» SOURCE MATERIAL

▽

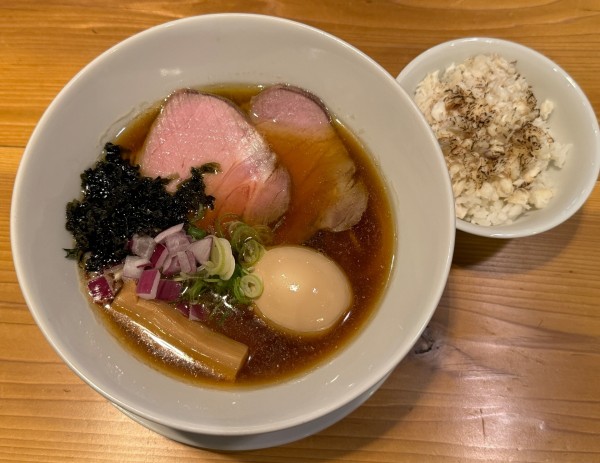「11月限定 鯛煮干し らぁ麺(１日10食限定)」@鯛骨らぁ麺 あぐらの写真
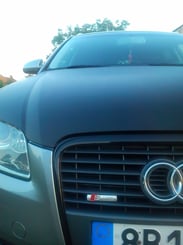 Polep vozů, motorek instalace 3D folií - Polep kapoty Audi A4 - folia 3d carbon imitace + zatmavení oken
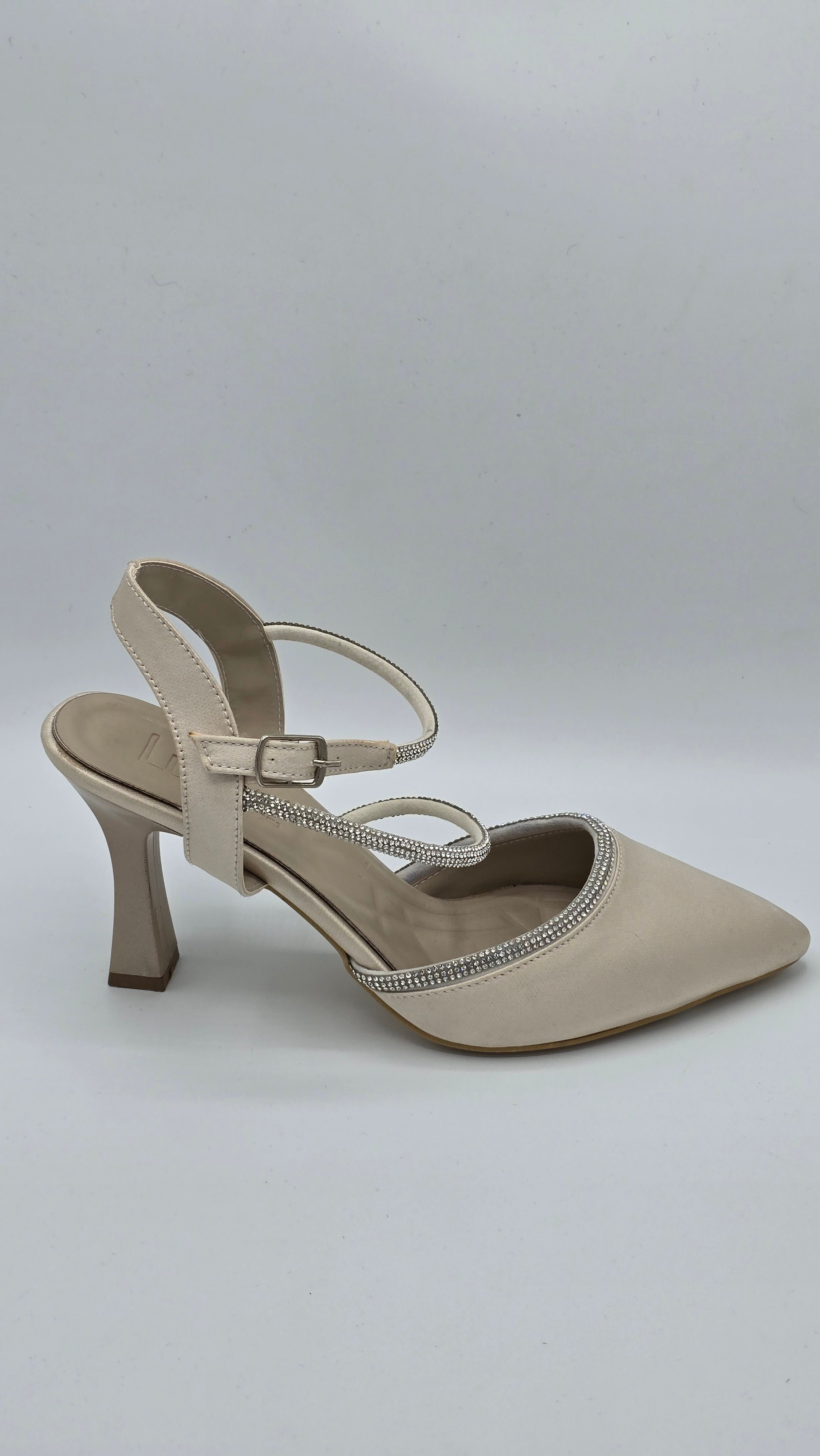 Luvestashoes Bej Taş Detaylı Bilekten Tokalı İnce Topuk Ayakkabı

△

» EXERCISE OBJECTIVE
Each line from the one containing "Polep vozů, motorek" to the final line of the data must be printed exactly, both included, with nothing else and no pictures.

» RESPONSE TO THIS TASK
 Polep vozů, motorek instalace 3D folií - Polep kapoty Audi A4 - folia 3d carbon imitace + zatmavení oken
 Luvestashoes Bej Taş Detaylı Bilekten Tokalı İnce Topuk Ayakkabı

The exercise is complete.